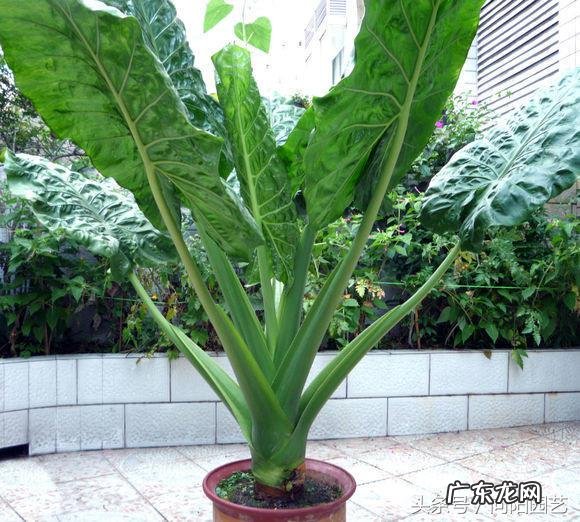 常老师说风水 向阳老师讲解风水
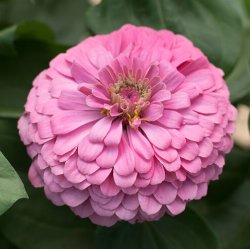Zinnia Benary's Giant Bright Pink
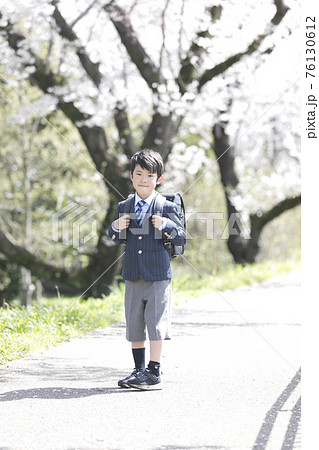 春の桜満開公園で胸踊る新一年生の男の子 76130612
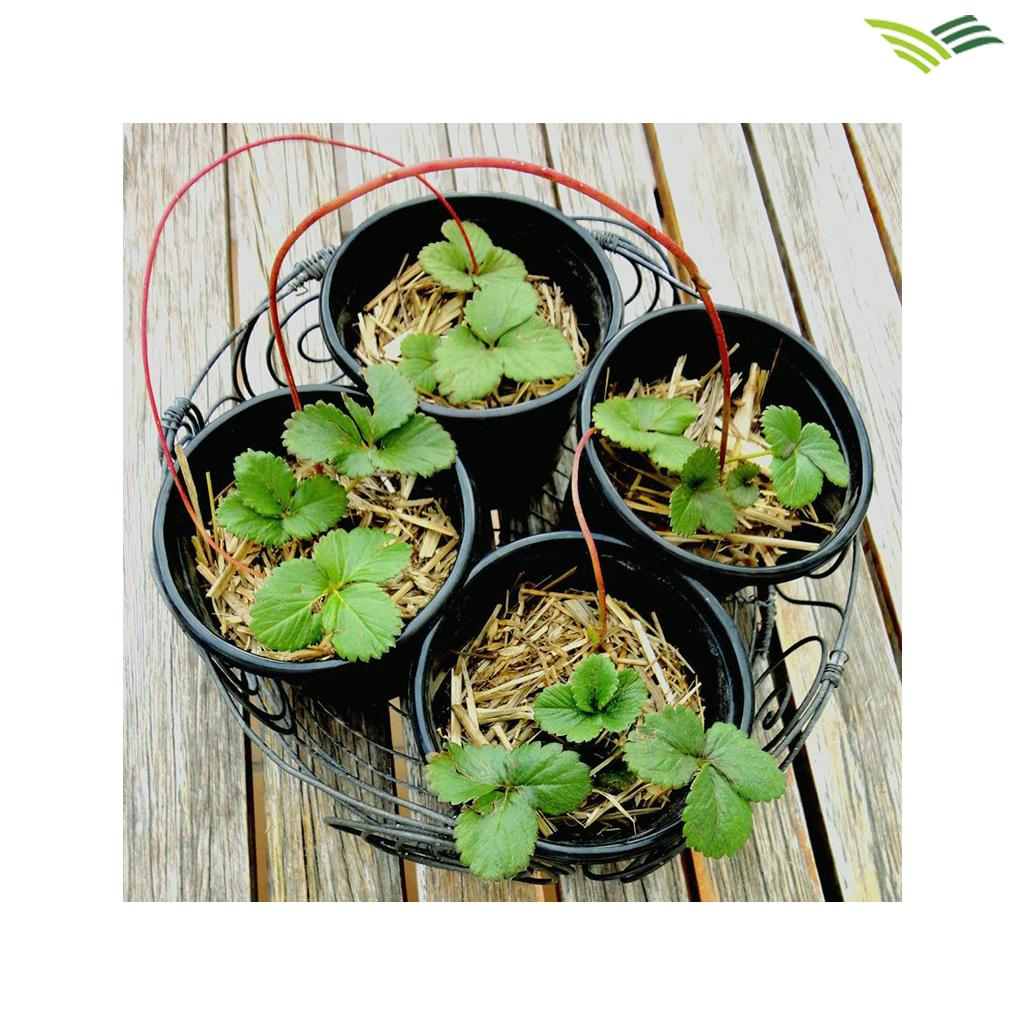 50 plastic basin C8 planting, CÂY18x14x15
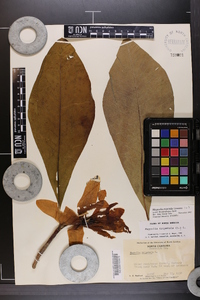 Magnolia tripetala image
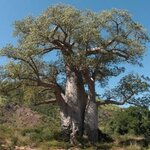 baobab1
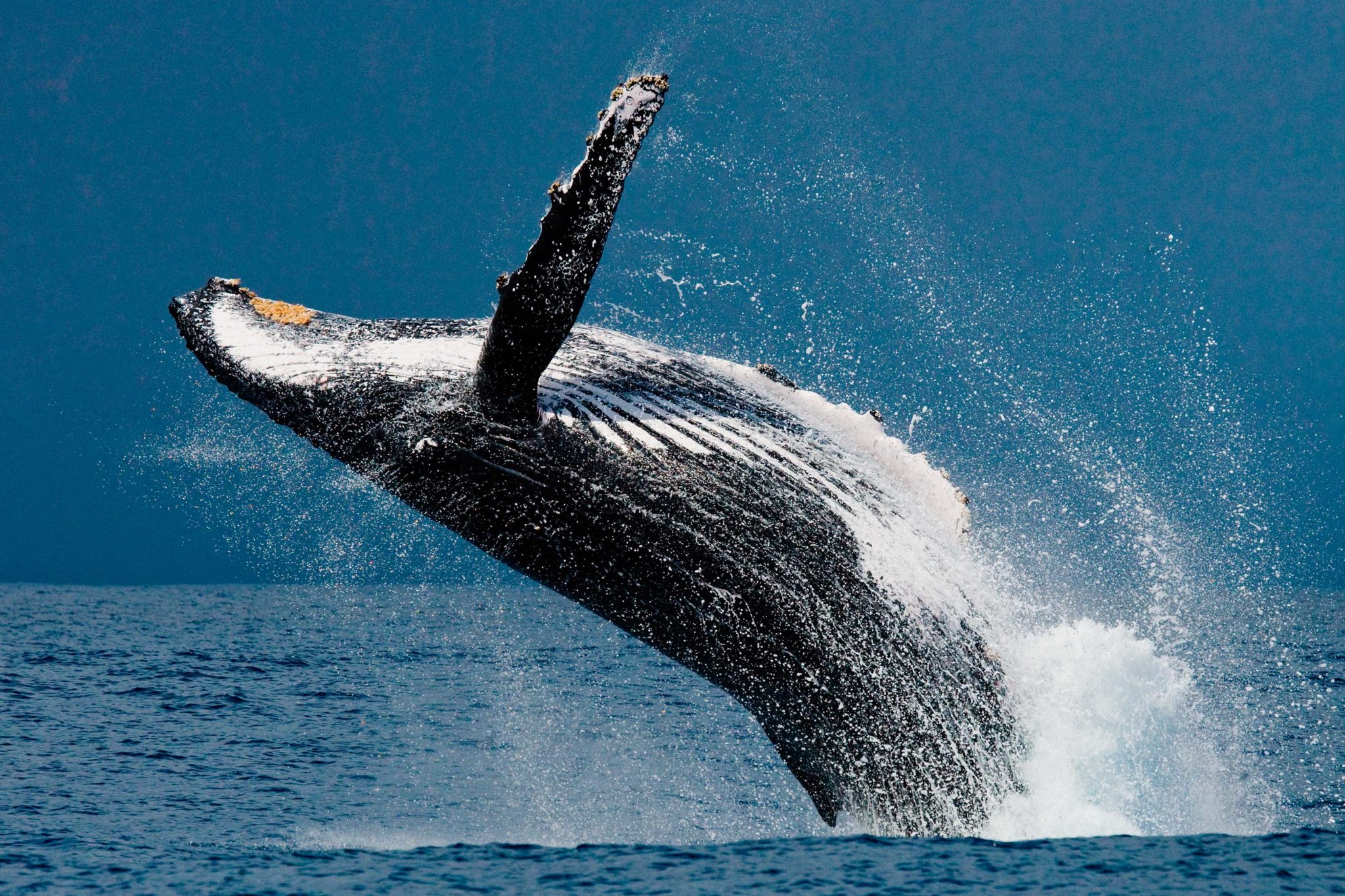 Chañaral de Aceituno: un santuario natural de ballenas, delfines y aves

__________

### PROBLEM DETAILS
Please transcribe all of the entries word for word, with the pictures left out.

### ANSWER FOR THIS EXERCISE
 常老师说风水 向阳老师讲解风水
Zinnia Benary's Giant Bright Pink
 春の桜満開公園で胸踊る新一年生の男の子 76130612
 50 plastic basin C8 planting, CÂY18x14x15
 Magnolia tripetala image
 baobab1
 Chañaral de Aceituno: un santuario natural de ballenas, delfines y aves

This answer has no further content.